▶ [DATA SECTION]:
____

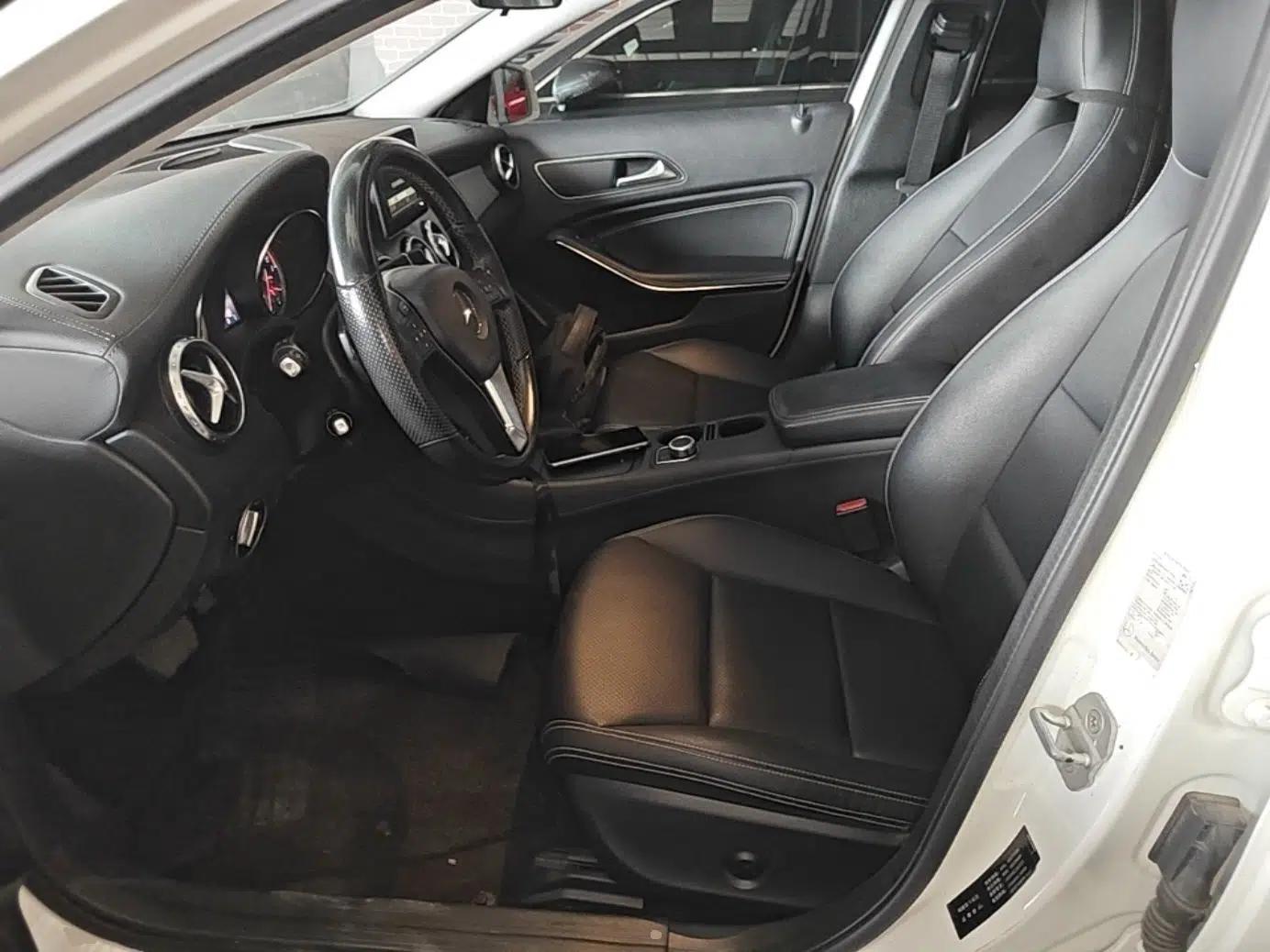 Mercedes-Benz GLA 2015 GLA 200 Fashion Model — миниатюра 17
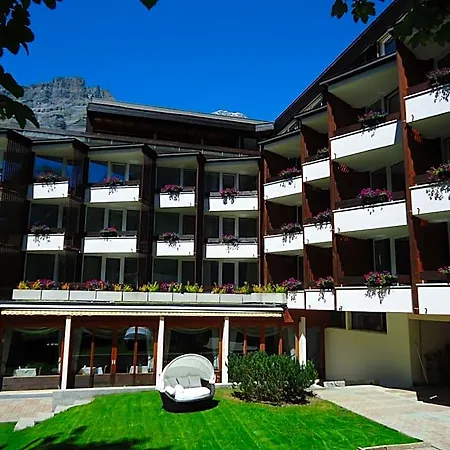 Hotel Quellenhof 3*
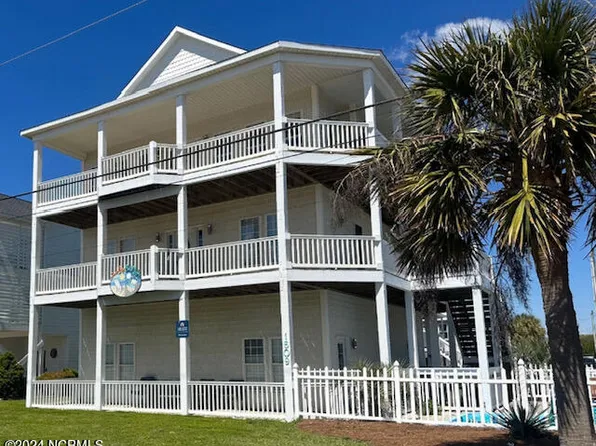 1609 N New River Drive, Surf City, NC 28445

____

▶ [INSTRUCTIONS TO FOLLOW]:
Make an exact copy of the whole listing, but don't bring over any pictures.

▶ [TASK SOLUTION]:
 Mercedes-Benz GLA 2015 GLA 200 Fashion Model — миниатюра 17
 Hotel Quellenhof 3*
 1609 N New River Drive, Surf City, NC 28445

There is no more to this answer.